En la gran mesa encontró una moneda de plata; una daga y un pequeño y raro instrumento que producía vividas tonadas casi por propia iniciativa. Shimrod se guardó la moneda en el bolsillo, se puso la daga en la cintura, se colgó el instrumento del hombro. Luego se marchó de Swer Smod y atravesó el Bosque de Tantrevalles rumbo a Dahaut.

16

En una celda con forma de campana de cuatro metros de diámetro y a veintiún metros bajo tierra, un día se distinguía de otro por nimiedades: el goteo de la lluvia, un atisbo del cielo azul, una migaja de más en las raciones. Aillas registraba el transcurso de los días colocando guijarros en un saliente. Diez guijarros en la zona «unidad» equivalían a un guijarro en la zona «decena». Cuando se cumplieron nueve «decenas» y nueve «unidades», Aillas puso un guijarro en la zona de la «centena».

Le daban una hogaza, una jarra de agua y un manojo de zanahorias o nabos, o una cabeza de repollo cada tres días, mediante un cesto que bajaban desde el exterior.

Aillas se preguntaba a menudo cuánto viviría. Al principio yacía inerte, apático. Al fin, con un gran esfuerzo, se obligó a hacer ejercicio: flexiones, saltos, giros. Al recobrar el tono muscular, recuperó el ánimo. La fuga no era imposible. ¿Pero cómo? Trató de cavar huecos en la pared de piedra; las proporciones y la configuración de la celda garantizaban el fracaso de este plan. Trató de levantar las piedras del suelo para apilarlas y llegar al conducto, pero las junturas eran demasiado firmes y las losas demasiado pesadas, así que también descartó esta idea.

Transcurrieron los días y los meses. En el jardín, los días y los meses también pasaban y Suldrun engordaba con el niño concebido por ella y Aillas.

El rey Casmir había prohibido el acceso al jardín, salvo a una criada sordomuda.

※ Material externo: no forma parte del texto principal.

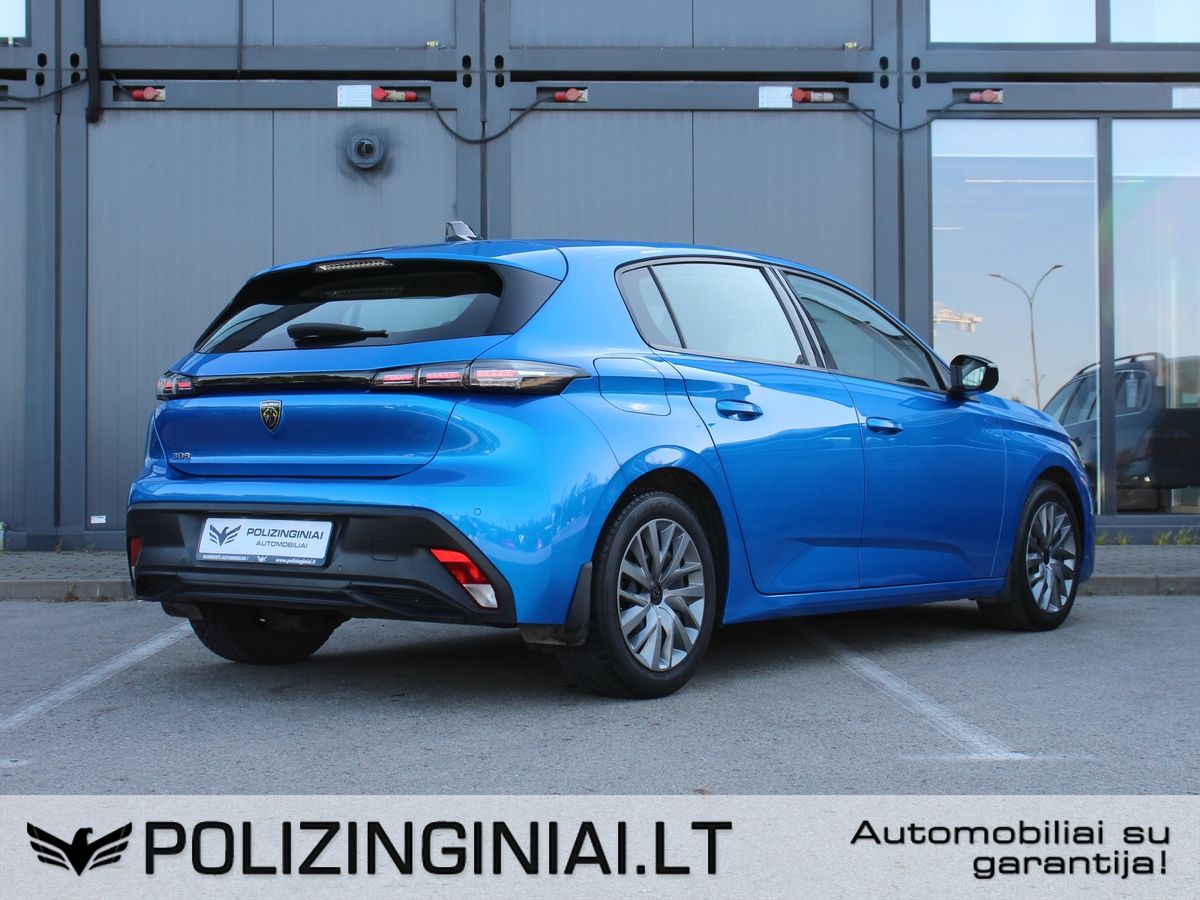 Peugeot 308 | 2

Sin embargo, el hermano Umphred, por ser sacerdote, se consideraba libre de la prohibición, y visitó a Suldrun al cabo de tres meses. Suldrun toleró su presencia con la esperanza de recibir noticias, pero el hermano Umphred no podía decirle nada. Este sospechaba que Aillas había sentido todo el peso de la ira del rey Casmir y como ella también creía lo mismo, no hizo más preguntas. El hermano Umphred intentó seducirla varias veces, ocasiones en las que Suldrun se encerraba en la capilla. Y el hermano Umphred se marchaba sin advertir que el vientre de Suldrun había empezado a crecer.

Tres meses después regresó, y el embarazo de Suldrun era entonces evidente.

—Suldrun, querida mía, estás engordando —observó irónicamente el hermano Umphred.

Sin decir palabra, Suldrun se levantó y entró en la capilla.

El hermano Umphred reflexionó un instante y fue a consultar su registro. Calculó a partir de la fecha de la boda y llegó a una fecha aproximada de nacimiento. Como la concepción se había producido varias semanas antes de la boda, su cálculo tenía varias semanas de error, un detalle que el hermano Umphred no advirtió. Lo importante era el embarazo: ¿cómo podría aprovechar esa información que sólo él parecía conocer?